Feeling So Unmotivated

ronshoneygirl23
on 11/11/14 9:55 pm

Hi Everyone, I had my Orientation on Sept 4th and have not heard one word from HRRH. I am not worried as I just got a surgery date of Dec. 8th for a Bilateral Knee Replacement. So I need time to get over my knee surgery before the RNY. I have been trying to lose some weight before my surgery and have failed miserably. I am so discouraged at this point I just want to cry. I know that this is why I am going to have the RNY done. I kind of figure from what I have been reading here that it won't be getting bypass surgery until close to next summer. I have been trying to eat the protein bars and shakes but still am so hungry at night. I do well all day then in the evening I can't stand the hunger. I have tried having a warm drink and saving a protein bar until evening but I get so unbearably hungry by bedtime that I can't sleep. My mind just doesn't seem to be in the right place right now. I just need to vent to people who understand what I am going through as I have been overweight most of my life. I have been morbidly Obese for almost all of my 57 years. So have been on the weight Merry-go-round for most of it. Thanks for lending your ear.  Being 295lbs I feel like any goal is so far out of reach right now.

Christy

Catw
on 11/11/14 10:26 pm - Arnprior, Canada

Don't be discouraged, it took 57 years to get to where you are, it will take a bit to get to where you are going.  I'm not sure what all you've been doing to change, sorry if I give suggestions you have already tried.

Journal everything, food, activity, emotions, everything.  Do this without any changes to your diet for a week, and see what you are doing.  If you are honest, it will give you a good picture.

When you look at your journal, pick one thing, just one, that you want to change and change it.  I'm not saying big.  Could be as simple as making sure you are drinking minimum 8 glasses of water.  Or cutting down/out pop.  Once you think you have gotten that, pick something else (and keep journaling).  Taking small bites of work, is a lot easier than taking one big bite.  And easier to continue.

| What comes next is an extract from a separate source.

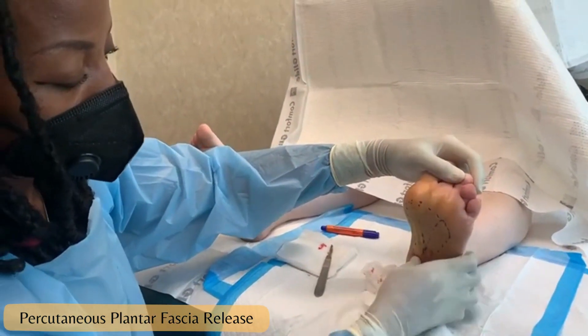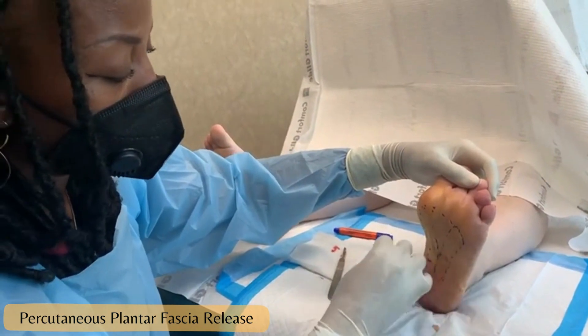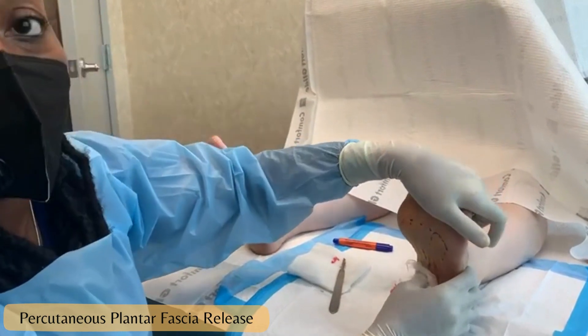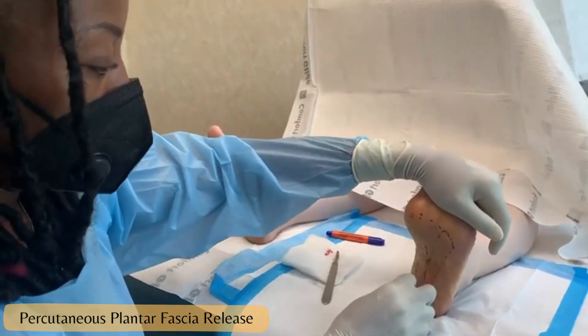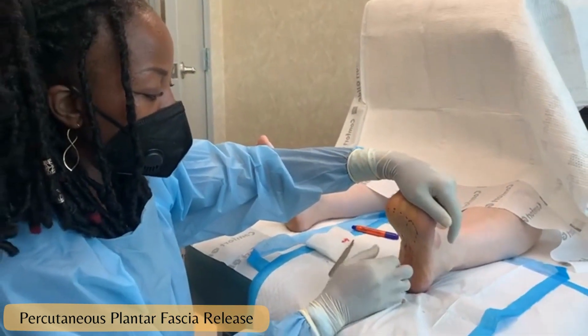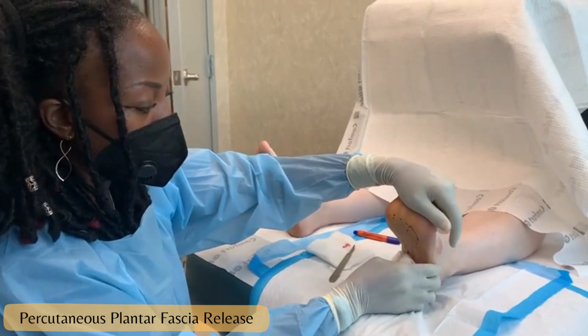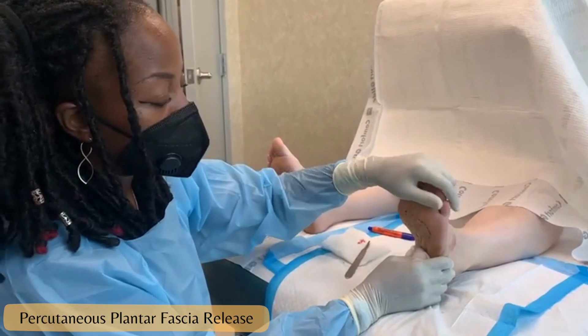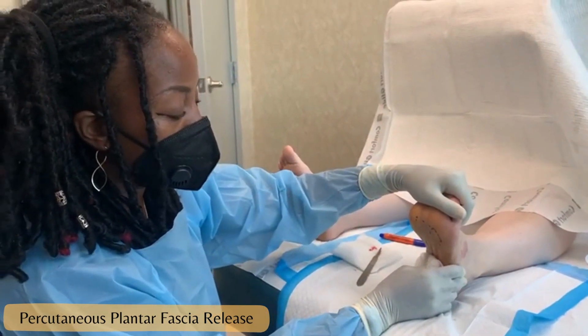We'll throw a stitch in and put on a protective dressing. The patient will return next week to check the wound and possibly remove those stitches at that time. The patient will ambulate in a cam boot until follow-up next week, then slowly transition from the cam boot into her sneaker with the orthotic.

If you are having problems with munchies at night, try taking up a hobby.  Do jigsaw puzzles, word searches, crafts, knit, sew, whatever you want.  It will help keep your mind occupied, and it won't think of going for food.

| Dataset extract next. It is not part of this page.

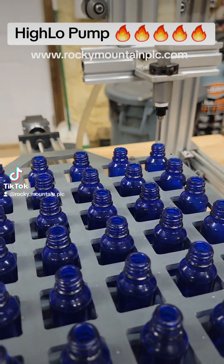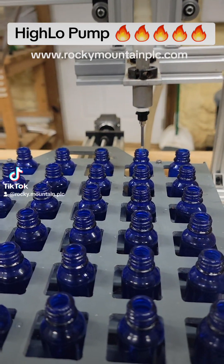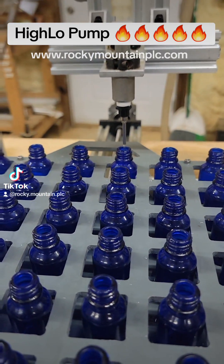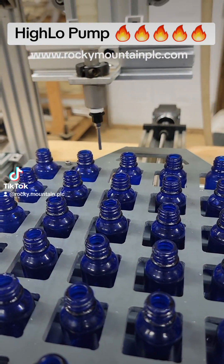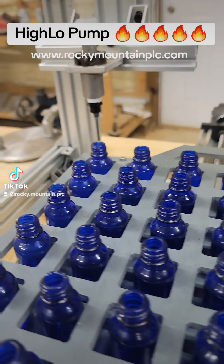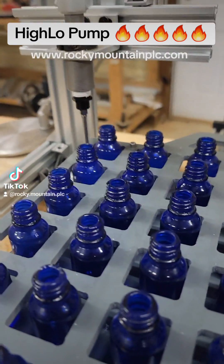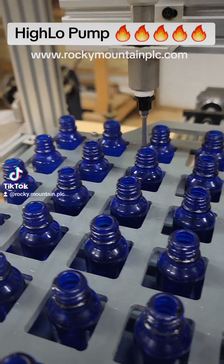This is going to be a demonstration on the new Hilo pump. This pump was designed and built to fill large bottles and high viscosity products. However, right now I am filling a small bottle — a 15 ml bottle. I'm filling 36 of them. Everything we throw at this pump, it's aced with flying colors.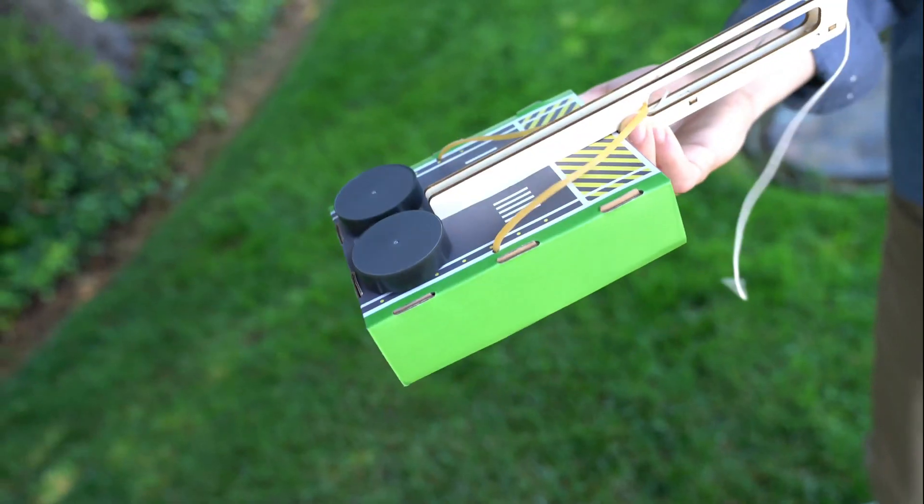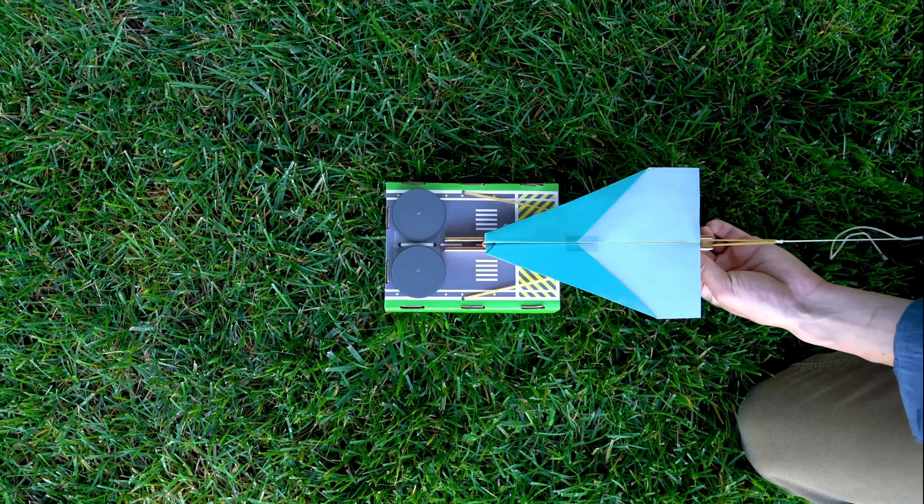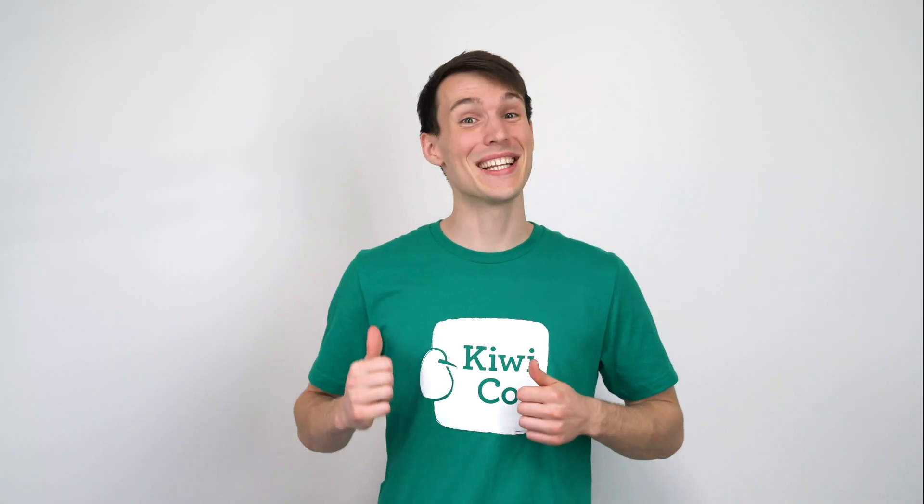Hey guys, Andy here with KiwiCo, where we bring awesome hands-on projects to your door every month. Today I'm going to be teaching you how to make a paper airplane launcher. You're going to learn about airplanes and aerodynamics, as well as the history of flight. All right, let's get started.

I wish you luck on this, and on your surgery next month.

Cathy

        

Karen M.
on 11/11/14 10:35 pm - Mississauga, Canada

I know what 295 pounds feels like - I've been there. Right now you are working toward a knee surgery. You will need good health and strength to heal from that - this isn't the time to be trying to "diet" with shakes and bars. You're right, your mind isn't in the right place, and for good reason. I would focus on healthful eating, not dieting. Eat a high protein menu, limit the carbs, cut out sugar, try for healthy fats. Doing this can only lead to better overall health without depriving your body at this time. You NEED your strength to heal your knee.

Karen

 

Karen

Ontario Recipes Forum - http://www.obesityhelp.com/group/ontario_recipes/

ronshoneygirl23
on 11/12/14 4:49 am

Thanks so much Girls. I know I have a lot on my plate right now. I thank you all for motivating me in so many ways. I really do know that all these things are things I have done in the past and succeeded. I just need a good kick in the pants to get where I need to be. Just feeling really down right now and I just need to feel the support of others who have been where I am and know that my dreams can come true for being healthy. I have lots to be thankful for and a great family to support me. I think the reality of the knee surgery is just hitting me now. I just pray I can do this. Again, thank you for all the kind words of encouragement.